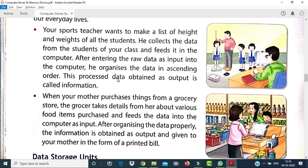In this example, a teacher collects data on students' height and weight, and another teacher enters that data into the computer. After the computer processes this data in ascending order, it gives the correct information as output.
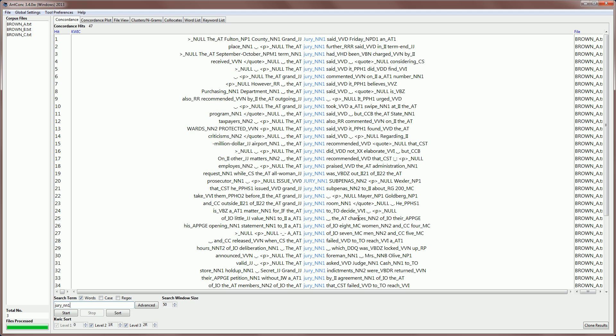So that's a short introduction to using tagged data with AntConc. Thank you.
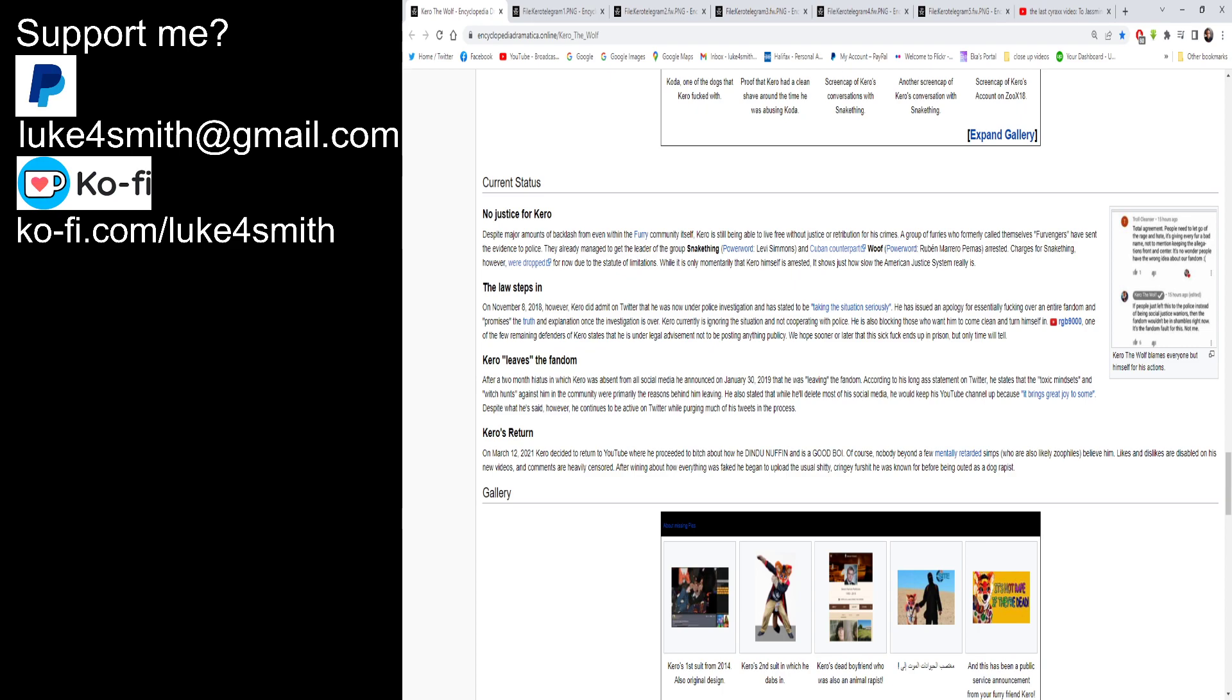The law steps in. On November 2018, on the 8th of November, however, Kiro did admit on twitter that he was now under police investigation and has started to be taking the situation seriously. He has issued an apology for essentially fucking over an entire fandom and promises the truth and explanation once the investigation will be over. It'll be ongoing, trust me. Kiro currently is ignoring the situation and not cooperating with the police, which he fucking should be. He is also blocking those who want him to come clean and turn himself in. RGB 9000, one of the few remaining defenders of Kiro, states that he is now under legal advisement not to be posting anything publicly. We hope sooner or later this fuck will end up in prison and only time will tell. Kiro leaves the fandom. After two months hiatus in which Kiro was absent from all social media, he announced on the 30th of January 2019 that he was leaving the fandom. According to his long ass statement on twitter, he states that the toxic mindsets and witch hunts against him in the community were primarily the reasons behind him leaving. It wasn't a witch hunt, they just wanted you arrested because you're a paedophile and you're a zoophile. He also stated that he would delete most of social media, though he would keep his youtube channel up because it brings great joy to some. Despite what he said however, he continues to be active on twitter while purging much of his tweets in the process.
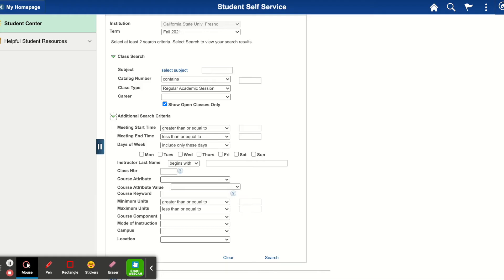I will first begin by clicking on the course attribute and I will choose general education. From there, I will choose the value. I'm going to choose A1 Foundation Oral Communications.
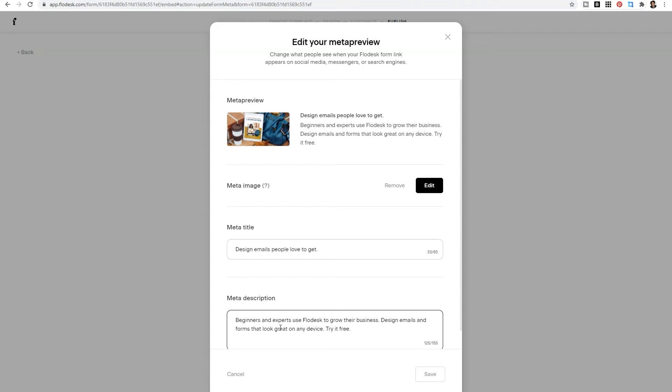You can go back and edit past forms and moving forward, you can edit your form previews before you start to share the link.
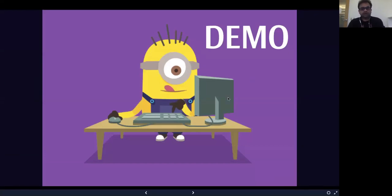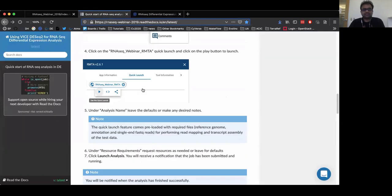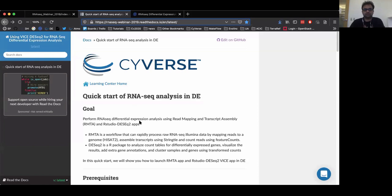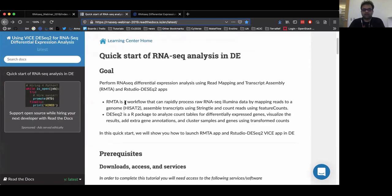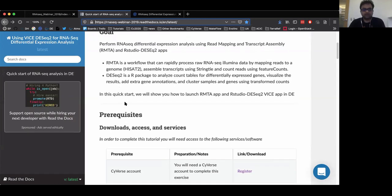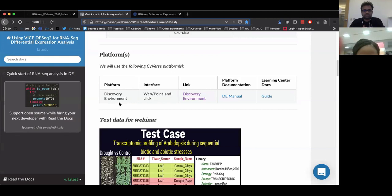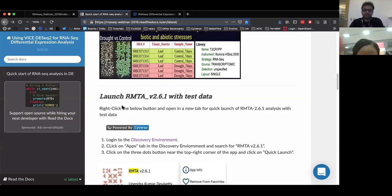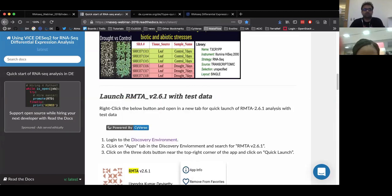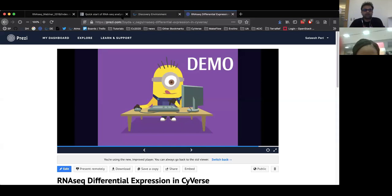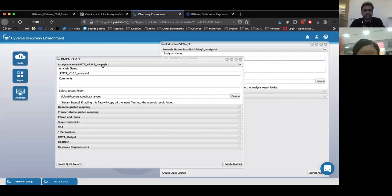If you are following the tutorial along with me, I will navigate to the quick start page for today's webinar. You will find all the necessary instructions on this wiki page, which you can follow right now or at your own pace. The prerequisites are a Cyverse account and the discovery environment. To launch RMTA with test data, we have provided a quick launch button. Right click on the button that says 'powered by Cyverse' and click open in a new tab, which will log you in to the discovery environment and open the RMTA app pre-launched for you.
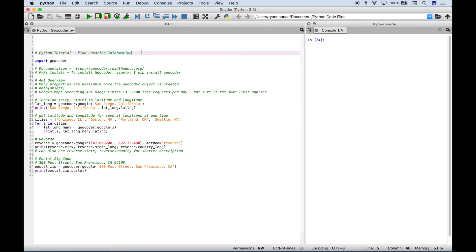Examples will include finding the latitude and longitude when you have the city and state, finding several latitudes and longitudes when you have a list of cities and states, finding city and state information when you have just the latitude and longitude, and finding postal or zip code information when you have limited information about an address.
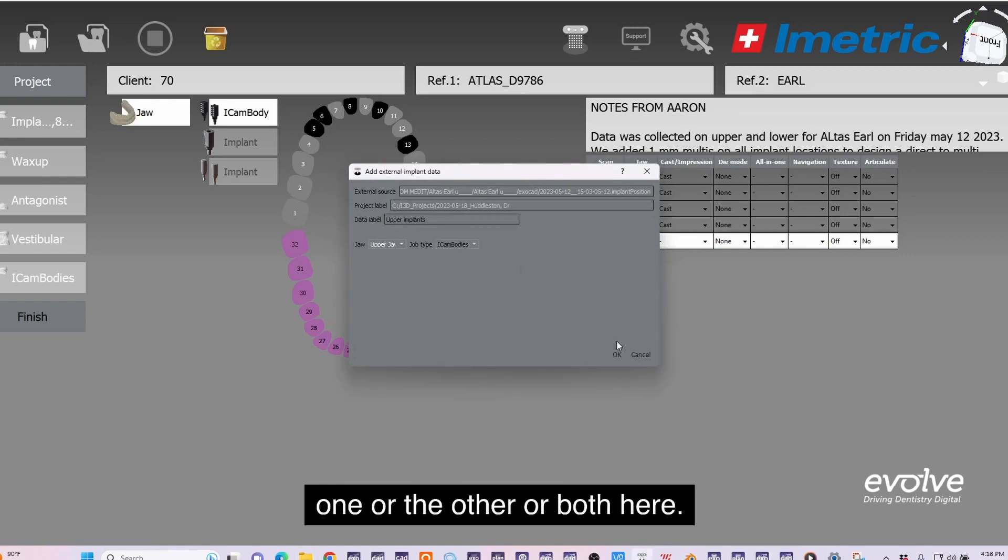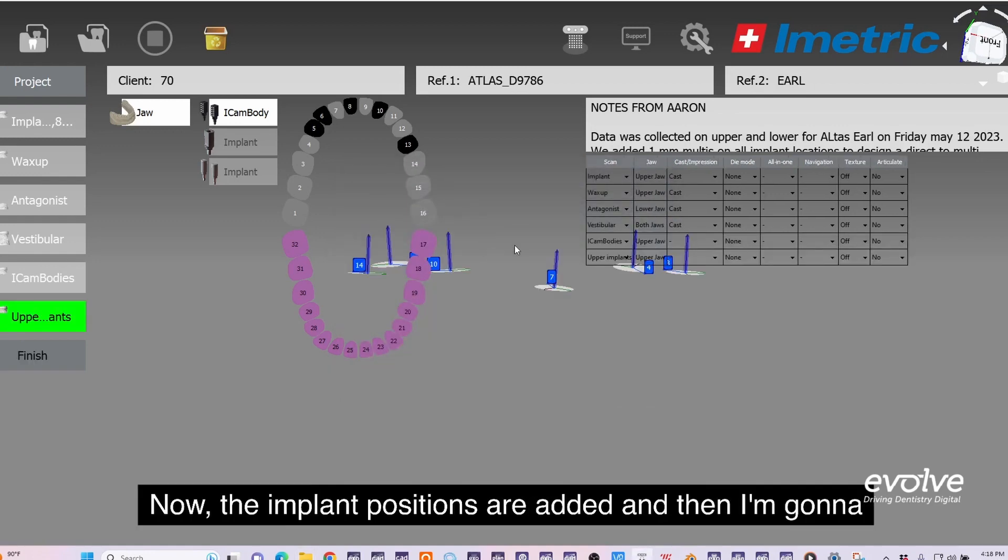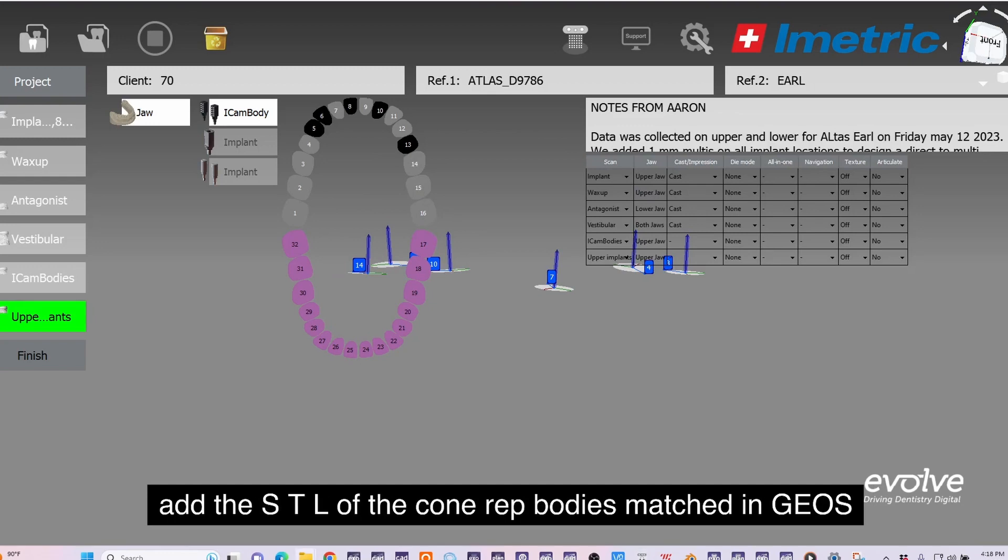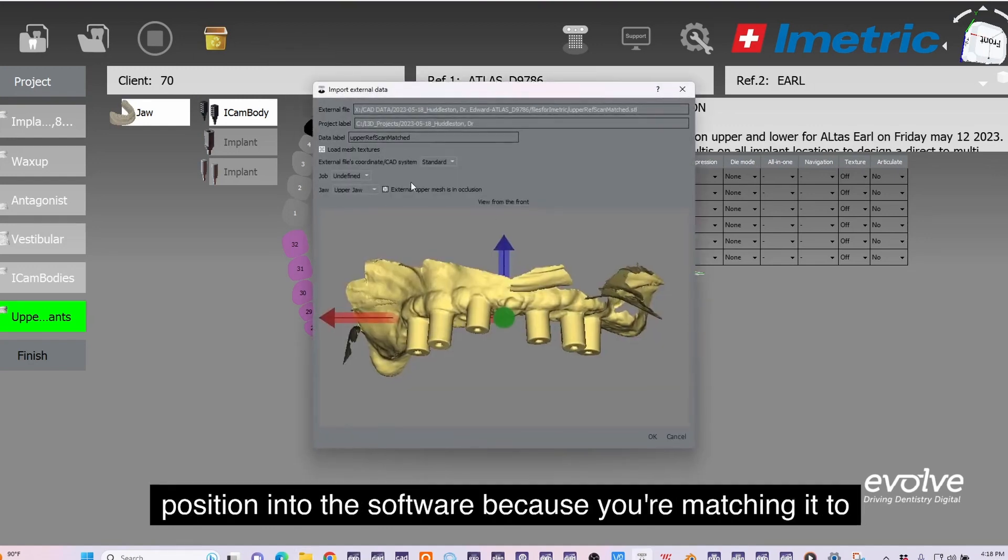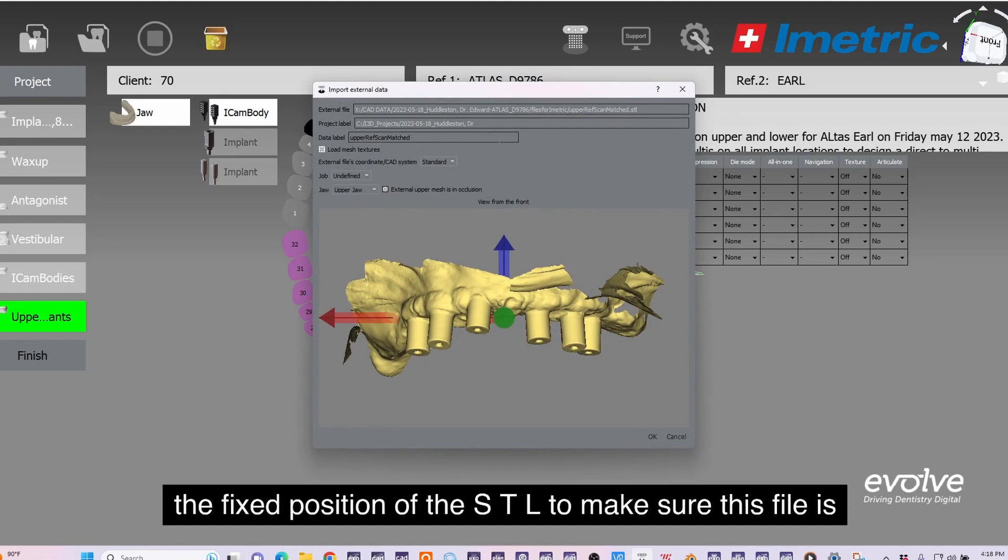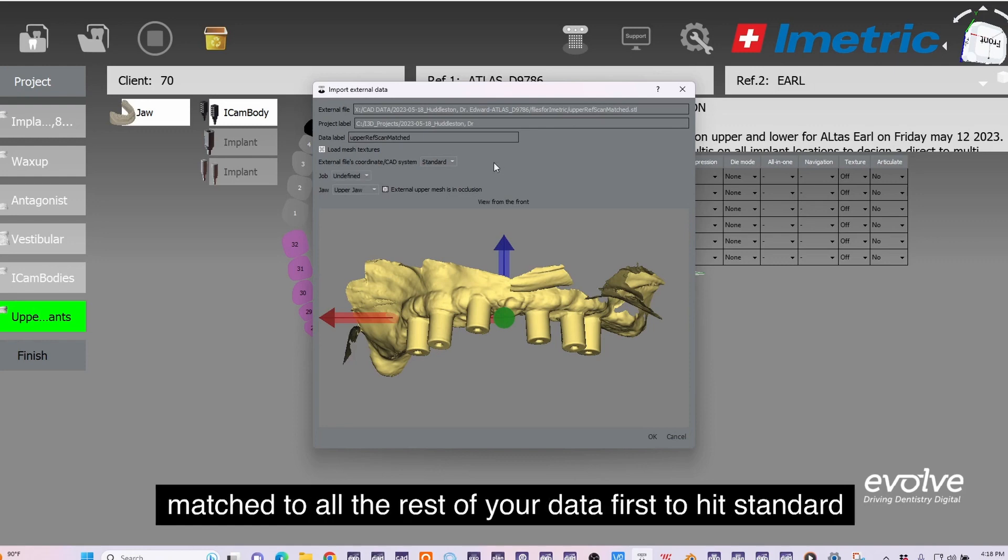Now the implant positions are added. Then I'm going to add the STL of the cone ref bodies matched in geoposition into the software because you're matching it to the fixed position of the STL. Make sure this file is matched to all the rest of your data first.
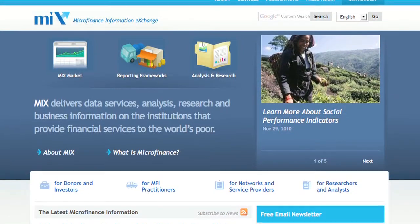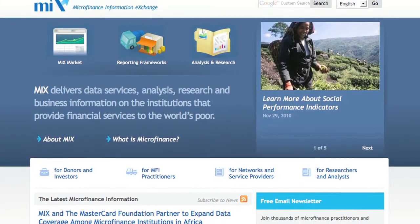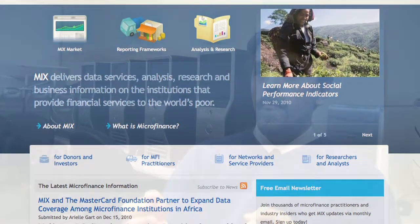I found a dataset from a place called the Microfinance Information Exchange, MIX for short, which is a nonprofit group that collects data on microfinance institutions — things from their balance sheets, demographic data, and various other things.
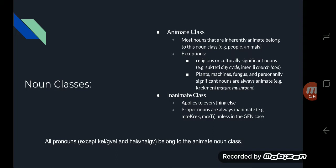Also, all pronouns except for kel and haus belong to the animate noun class, and proper nouns belong to the inanimate noun class, unless in the genitive case.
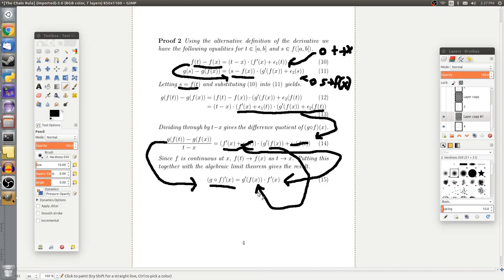So there we have it — that's all you need to do to prove the chain rule. There is an alternative proof using the other method I mentioned earlier, but this is a nicer way to do it. That's all I've got for this video. Subscribe if you want to see more, leave a like if you enjoyed, and comment if you have any questions.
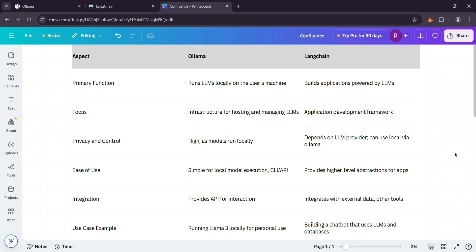Want both? Use Ollama to host the model locally and Langchain to turn it into an app. For example, Ollama could run your personal AI while Langchain makes it a helpful assistant.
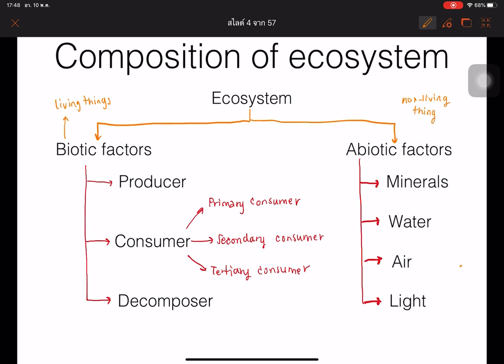For example, organisms can be classified by their ecological roles into producers — the ones that can produce food by themselves — and the organisms that cannot produce food by themselves and need to eat other organisms.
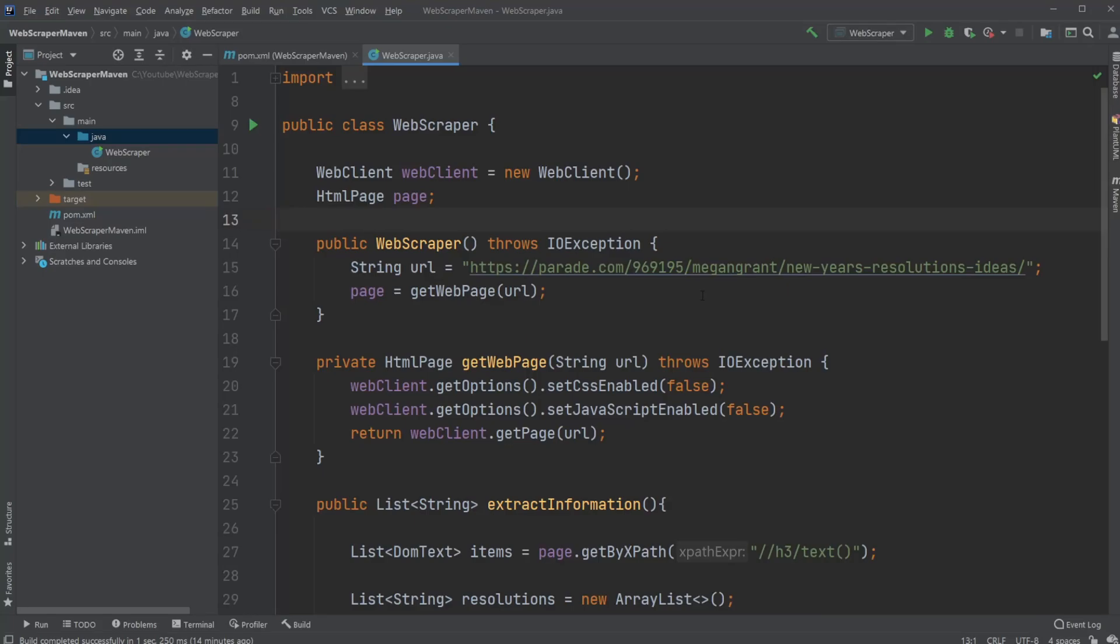Hey, it's RandomCode here, and today I want to show you this little program I created with Java, which is a simple Web Scraper application.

Exercise aim: Take the material above and output only the lines from the one that contains "I will first" through the one that contains "You can go back", ends included and images left out.

Answer area:
I will first begin by clicking on the course attribute and I will choose general education. From there, I will choose the value. I'm going to choose A1 Foundation Oral Communications.
You can go back and edit past forms and moving forward, you can edit your form previews before you start to share the link.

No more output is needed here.